« Comment fais-tu pour raser ça ? » lui demandait Kim Novak dans Liaisons Secrètes (Richard Quine 1960). Arme de séduction massive, la célèbre fossette de Kirk Douglas lui fendait le menton en deux. Est-ce pour cela qu’il incarna toujours – avec une rare expressivité-,  des personnalités ambivalentes ?   De La Captive aux yeux clairs (Howard Hawks 1952) à L’Arrangement (Elia Kazan 1969) en passant par Les Sentiers de la Gloire (Stanley Kubrick 1957) et La Vie passionnée de Vincent Van Gogh (Vincente Minelli 1957),  Les Vikings (Richard Fleisher 1958) et  Spartacus (Stanley Kubrick 1960), ses compositions complexes en firent plus qu’une icône de l’âge d’or d’Hollywood : littéralement un « monstre sacré ». Dernier à mériter ce titre, Kirk Douglas, né  Issur Danielovitch Demsky le 9 décembre 1916, s’est éteint le 5 février 2020,  à l’âge vénérable de 103 ans. C’est son fils Michael qui a annoncé son décès. Avec l’âge et les honneurs, il avaient fini par tellement se ressembler qu’on pouvait presque les confondre. Mais lorsqu’à l’occasion de la promo du film Ant Man,  on avait demandé à Michael Douglas quel était son super héros préféré, il nous avait naturellement répondu: « Mon père ! ».
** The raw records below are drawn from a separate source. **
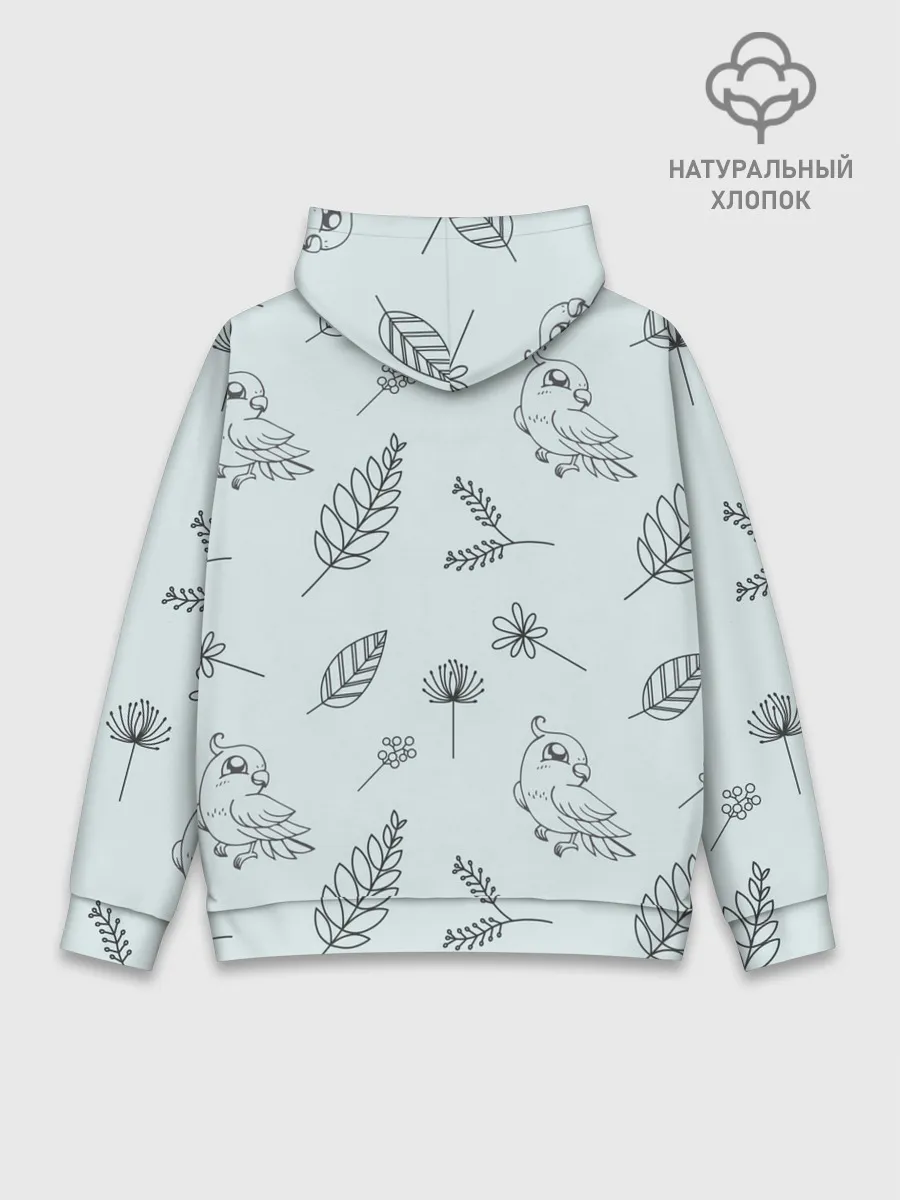Худи мужской база хлопок / Милые птички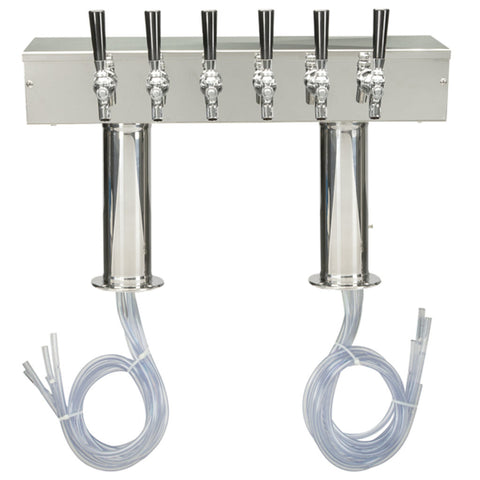 Image of Pro-Line Tower Conversion - Double Pedestal - 6 Faucets - Polished Stainless Steel
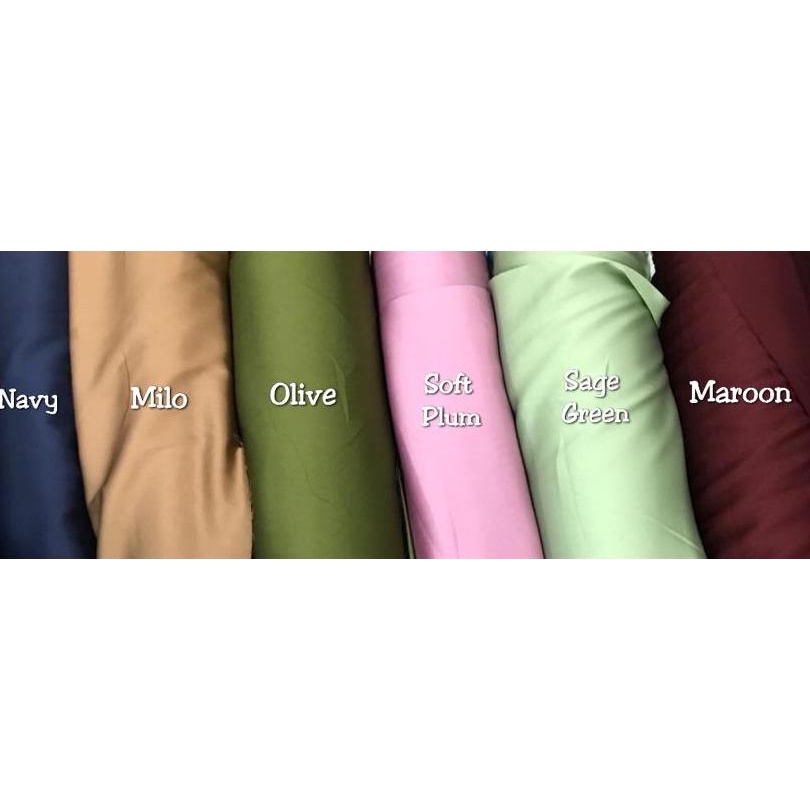 Kain Armani Silk Premium Quality Pure Sateen Armany Saten Satin Polos Original Bahan Mukena Muslim Meteran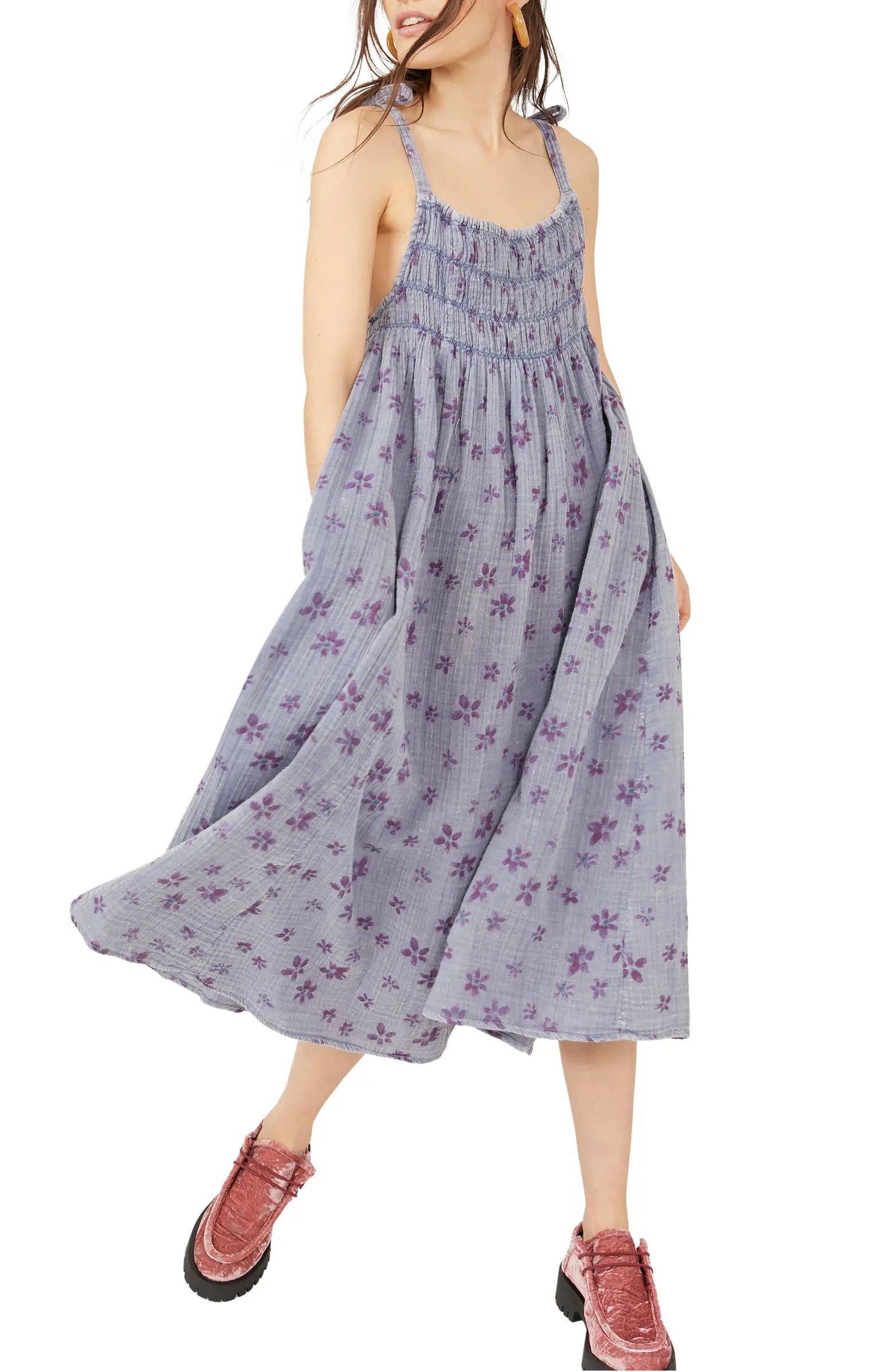 Free People Azure Shirred Maxi Sundress | Nordstrom | Nordstrom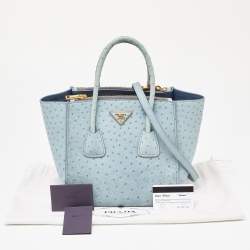 Prada Light Blue Ostrich Leather Struzzo Twin Pocket Tote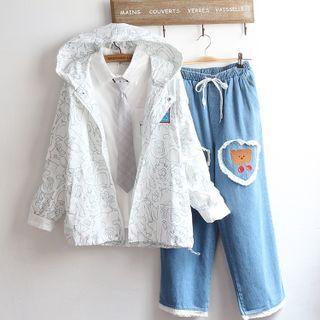 Cartoon Print Hooded Zip Jacket / Shirt / Cartoon Embroidered Jeans / Set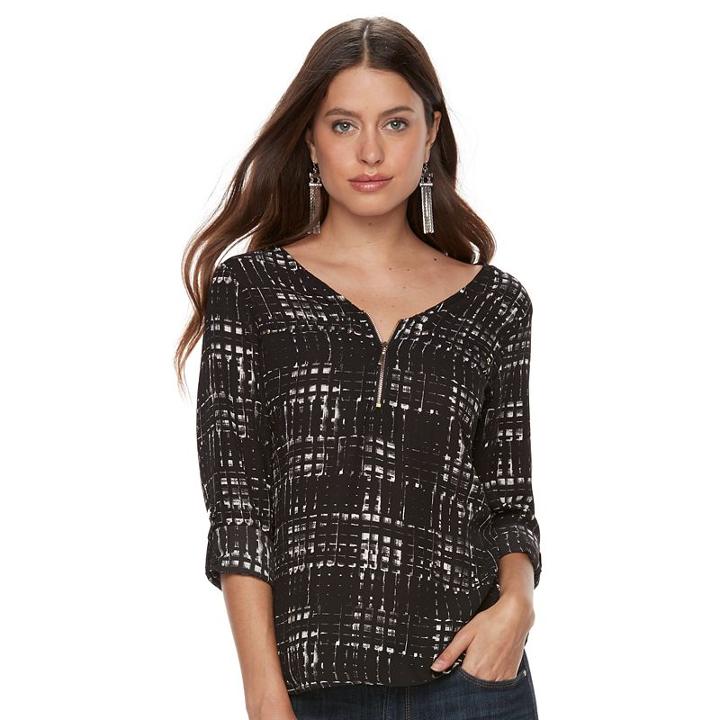 Petite Apt. 9&reg; Zip-front Blouse, Women's, Size: L Petite, Black
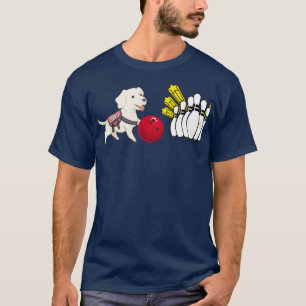 BowlingCute Hund spelar bowling roligt T T Shirt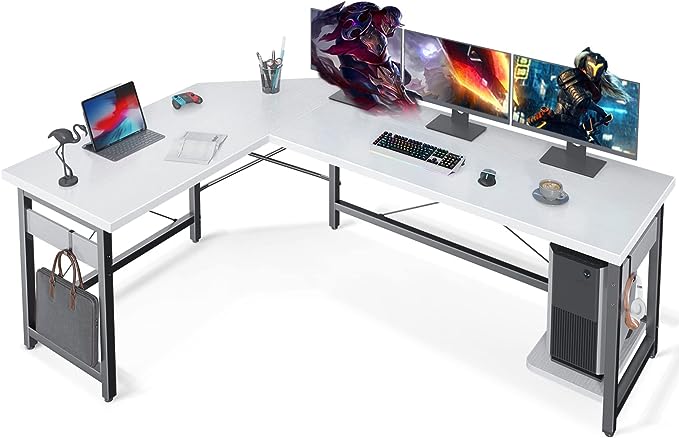 Coleshome 66" L Shaped Gaming Desk, L Shaped Desk, Computer Desk, Gaming Desk, Writing Desk, Home Office Desk, White - LeafyLoom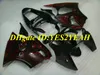 Motorcykel Fairing Kit för Kawasaki Ninja ZX6R 636 00 01 02 ZX 6R 2000 2001 2002 Red Flames Black Fairings Set + Presenter KH16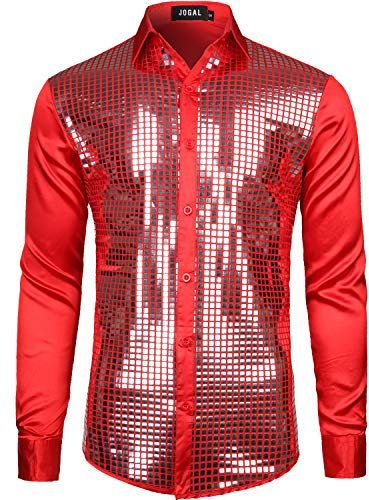 JOGAL Herren Pailletten Hemd 70er Langarm Disco Party Kostüm Large Rot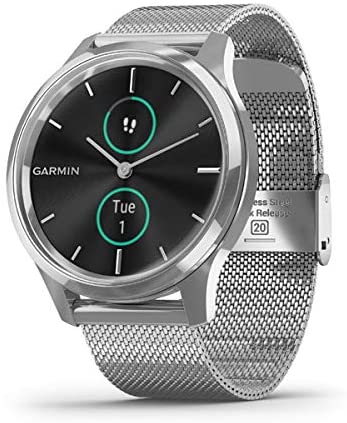 Garmin vivomove 3s, Smaller-sized Hybrid Smartwatch with Real Watch Hands and Hidden Touchscreen Display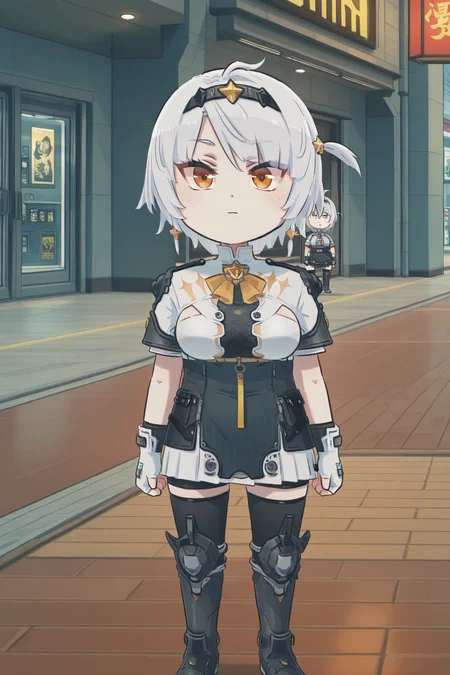 looking at viewer,facing viewer, <lora:shiXinzoroV1ill:1> shixinzoruo,chibi, <lora:Anby_Soldier_0_-_Zenless_Zone_Zero_ZZZ_-_Illustrious:1> Anby Soldier 0, white hair,hair-band,star hair-band decoration,side ahoge,short hair,orange eyes,large breasts,combat suit, high collar, star brooch, chest mesh, short sleeves, bike shorts,bike shorts under skirt,white fingerless gloves, white skirt, black thigh highs, futuristic shin covers, metal boots,, breasts,digital illustration,1girl, masterpiece, best quality,highres,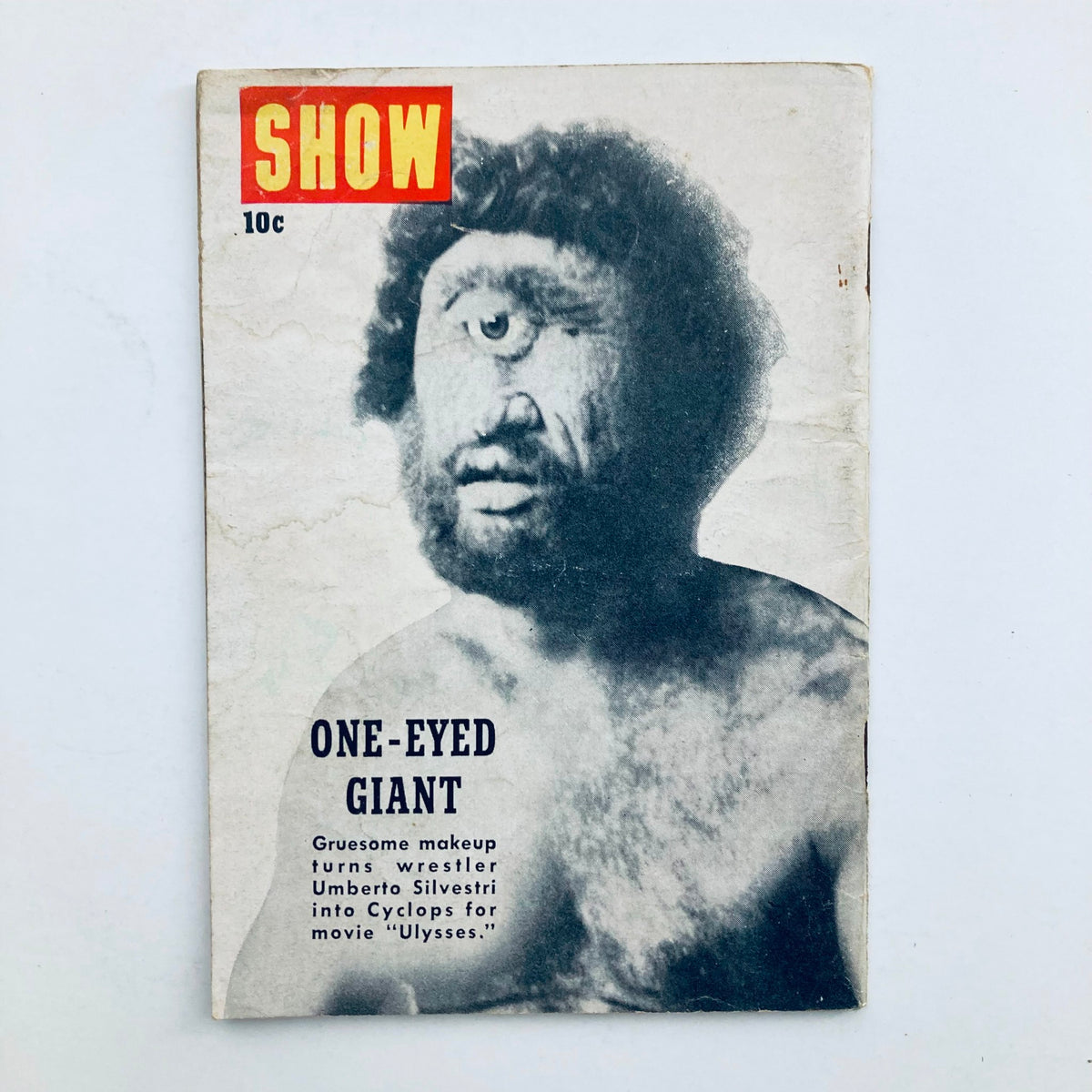 Cover of VTG Show Magazine January 1954 Vol 2 No. 5 depicting a one-eyed giant character, accompanied by the text 'One-Eyed Giant' and details about makeup effects for the movie 'Ulysses'.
« Farouche et sarcastique » c’est ainsi que  Gilles Jacob, qui l’accueillit souvent au festival de Cannes se souvient de Kirk Douglas. « Kirk s’est fait tout seul, a survécu à tout,  rappelle l’ancien président du Festival : pauvreté, accident d’hélicoptère, AVC, crise cardiaque et même rescapé d’Hollywood, qui ne lui a donné au bout de 80 rôles qu’un Oscar de consolation ». Cannes n’ a pas été beaucoup plus prodigue, à vrai dire. Il y vint pourtant pour la première fois en 1947 pour L’Emprise du crime, son premier rôle au cinéma. Cinq ans plus tard, il foulait à nouveau le tapis rouge pour Detective Story de William Wyler. Mais c’est sa partenaire, Lee Grant, qui remporta le prix d’interprétation. Première Victoire en 1965 n’en fut pas une, non plus… Si l’on en croit la légende,  c’est même grâce à un heureux quiproquo  qu’il présida, en 1980,  le jury du 33e Festival: c’est Douglas Sirk qui avait, en réalité, été pressenti, mais l’information fuita avec le mauvais nom ! Douglas Kirk se rattrapa en couronnant deux chefs d’oeuvre : All That Jazz de Bob Fosse et Kagemusha d’Akira Kurosawa. Le Festival l’accueillit une dernière fois en 2010 pour un documentaire sur le chef opérateur Jack Cardiff auquel il avait participé avec Lauren Bacall,  Charlton Heston et Martin Scorsese.  Ces dernières années,  l’acteur restait étonnamment actif sur son blog qu’il animait d’une plume alerte. Dans une tribune suivant l’élection de Donald Trump, il mettait en garde contre les dangers du populisme qui menaçait , pensait-il, son pays et le monde.  « Fils de chiffonnier », ainsi qu’il se présentait dans le titre de son autobiographie, son coeur restait solidement accroché à gauche. Jusqu’au dernier battement.